§ **ACTION ITEM**
The pictures do not go in the copy. Reproduce the rest of the entries exactly.

[Excerpts from a dataset]
________________________
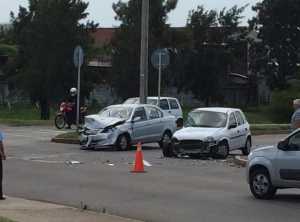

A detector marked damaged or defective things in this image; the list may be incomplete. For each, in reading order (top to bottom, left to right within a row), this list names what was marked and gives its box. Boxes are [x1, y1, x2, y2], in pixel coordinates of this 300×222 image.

dented car hood [84, 114, 126, 130]
damaged silver sedan [80, 104, 178, 151]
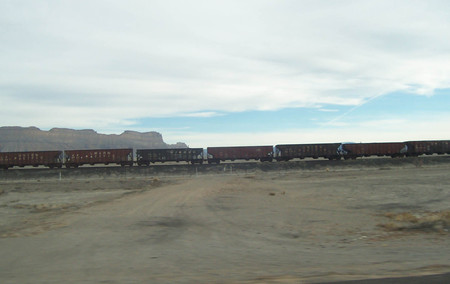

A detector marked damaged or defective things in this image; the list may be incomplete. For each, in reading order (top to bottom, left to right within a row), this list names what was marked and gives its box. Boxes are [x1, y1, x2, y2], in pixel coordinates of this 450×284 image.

rusty red train car [0, 151, 63, 169]
rusty red train car [64, 148, 133, 168]
rusty red train car [207, 145, 272, 163]
rusty red train car [274, 143, 342, 161]
rusty red train car [338, 143, 408, 159]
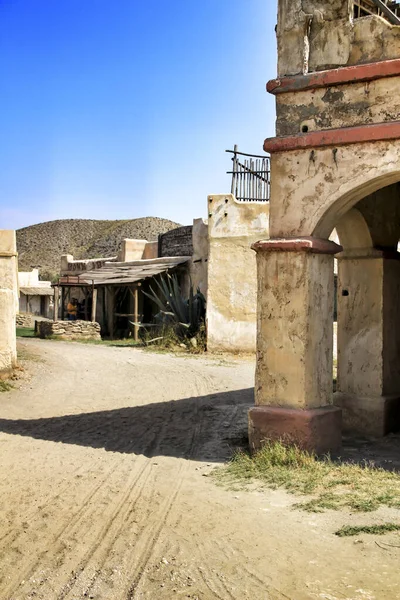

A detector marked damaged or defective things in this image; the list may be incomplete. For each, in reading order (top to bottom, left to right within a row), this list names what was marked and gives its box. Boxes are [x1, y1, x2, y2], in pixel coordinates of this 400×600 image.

rusty iron balcony railing [227, 145, 270, 204]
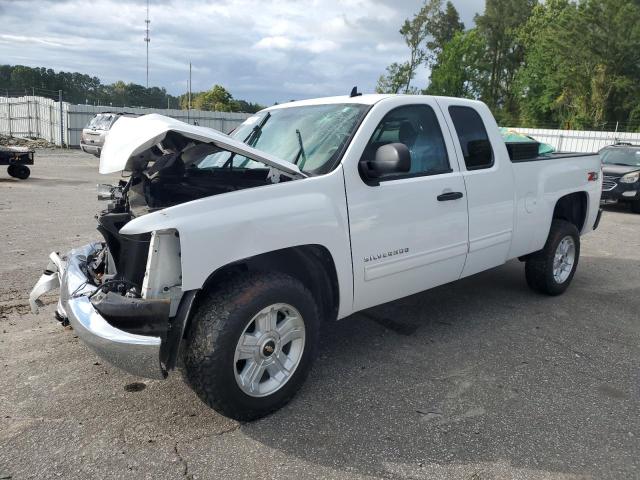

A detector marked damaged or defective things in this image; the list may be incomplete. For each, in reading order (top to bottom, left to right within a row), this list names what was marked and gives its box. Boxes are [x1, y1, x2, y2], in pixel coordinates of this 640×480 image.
________________________
§ **REPLY TO THE EXERCISE**
A detector marked damaged or defective things in this image; the list may be incomplete. For each, in reading order (top to bottom, left to right within a row), this list names what was marked and gives its box. Boxes are [x1, y1, x2, y2], in pixel coordinates of this 300×222 image.

dented car hood [84, 114, 126, 130]
damaged silver sedan [80, 104, 178, 151]

A detector marked damaged or defective things in this image; the list may be incomplete. For each, in reading order (top to bottom, left to right within a row), this list names what was marked and gives its box. Boxes are [x1, y1, x2, y2], in pixel coordinates of this 450×284 image.

rusty red train car [0, 151, 63, 169]
rusty red train car [64, 148, 133, 168]
rusty red train car [207, 145, 272, 163]
rusty red train car [274, 143, 342, 161]
rusty red train car [338, 143, 408, 159]

A detector marked damaged or defective things in this image; the list may be incomplete. For each, in reading order (top to bottom, left to right within a row), this list names what was marked and gives its box. Boxes are [x1, y1, x2, y2], in pixel coordinates of this 400×600 image.

rusty iron balcony railing [227, 145, 270, 204]

A detector marked damaged or defective things in this image; the list may be incomplete. For each, in reading order (top to bottom, left to right within a row), this list names what was marked and gives its box. Boxes are [x1, y1, x2, y2], in pixel coordinates of this 640×480 image.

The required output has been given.